Last Thursday we launched Spot on Hacker News in a post called Show HN: Free 3D virtual office space in the browser. We are no strangers to the Hacker News community, as we've been members for years and gone through YC in previous lifetimes. For those not familiar, it is a great technical/developer community for many things– most notably startups. For Spot, in particular, one of our goals is to create a fully programmable virtual office, and developers are a core part of our target demographic.
As such, we were pleasantly surprised to see the post quickly rise to the front page of Hacker News. After roughly an hour, we had risen to the #3 spot, with mostly positive comments. We had just turned on self-signups and, to our delight, we were watching the number of Spots created quickly increase.
Shortly thereafter, we noticed a few comments mentioning that email signup was returning an error message: "Unauthorized". Checking our server logs confirmed this:
Digging into the relevant stack traces revealed that this was indeed happening during signup. It quickly dawned on us: each one of the above errors was a failed signup! In total, we lost 431 signups! For a startup at our stage, this was not a trivial number.
We also started witnessing our position on the front page rapidly decline, perhaps due to frustration around the inability to signup:
By the time we identified the root cause, we had already lost all traction– a real missed opportunity! Our team is experienced, in particular with operations, what ultimately went wrong?
The Root Cause
While digging into the stack traces, we noticed that the error was originating from our email delivery provider, SendGrid. In the past we have use Simple Email Service, or MailGun, but we chose SendGrid due to a small number of free credits we received (every little bit counts as a startup!).
Signing into the SendGrid dashboard showed no indication that anything was wrong. Everything looked perfectly fine, including our sending limit and message deliverability. Going back to the stack trace, we noticed more messaging: "Credit Limit Exceeded". This was confusing as we had recently upgraded plans and our daily sending limit was far above our actual usage.
We eventually had the following exchange with support:
It was a bug on our end due to the Startup discount
Unfortunately, SendGrid had a bug on their backend where our account–despite being ostensibly upgraded to a paid account– was not actually on the correct plan. Although frustrating, the issues is ultimately on our end for putting a third party in the critical path of our product.

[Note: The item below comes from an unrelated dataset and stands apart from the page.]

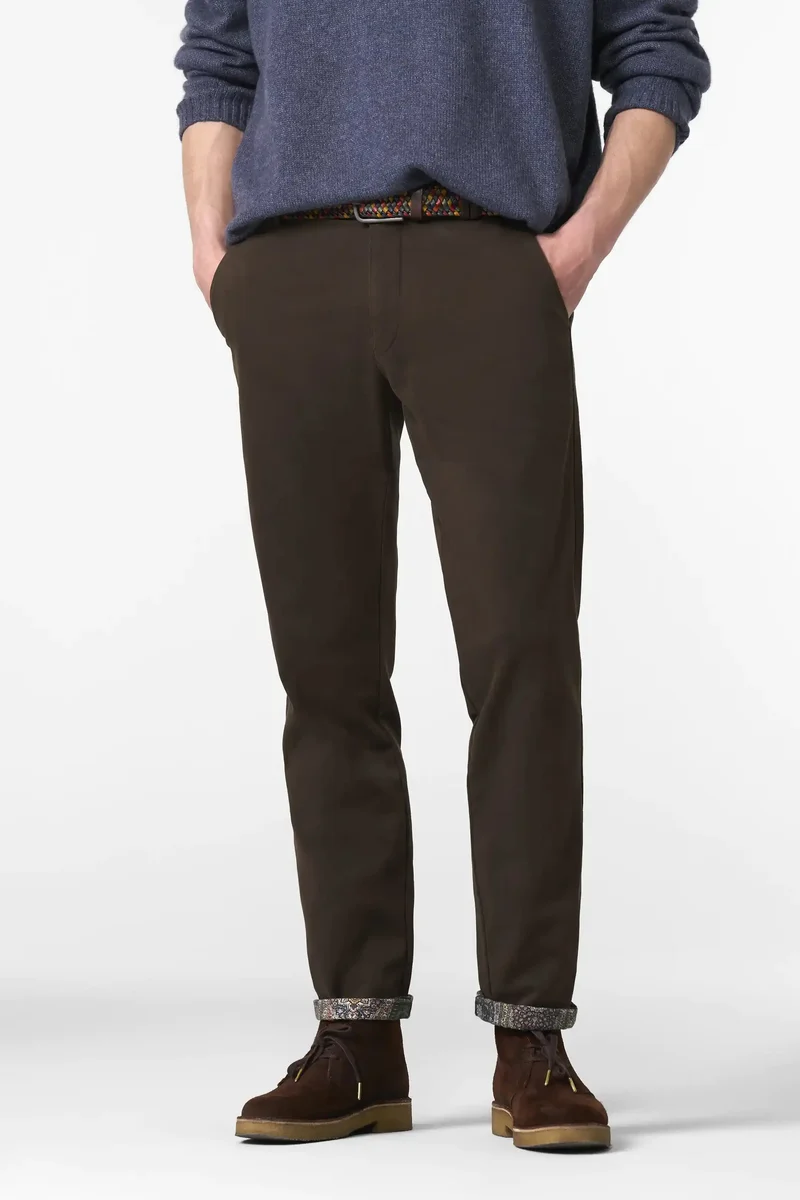 Bonn termochinos sten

All products– even those of publicly traded companies– have issues.
This is not news to us, our team is intimately familiar with operational issues, especially those related to third party outages, and we could have done better.
Usually, when dealing with external services, the solution is to move the logic out of the critical request path and into a job queue or some other method of calling the logic asynchronously. This is normally how we interact with SendGrid, but our email verification logic was inline. Lesson learned.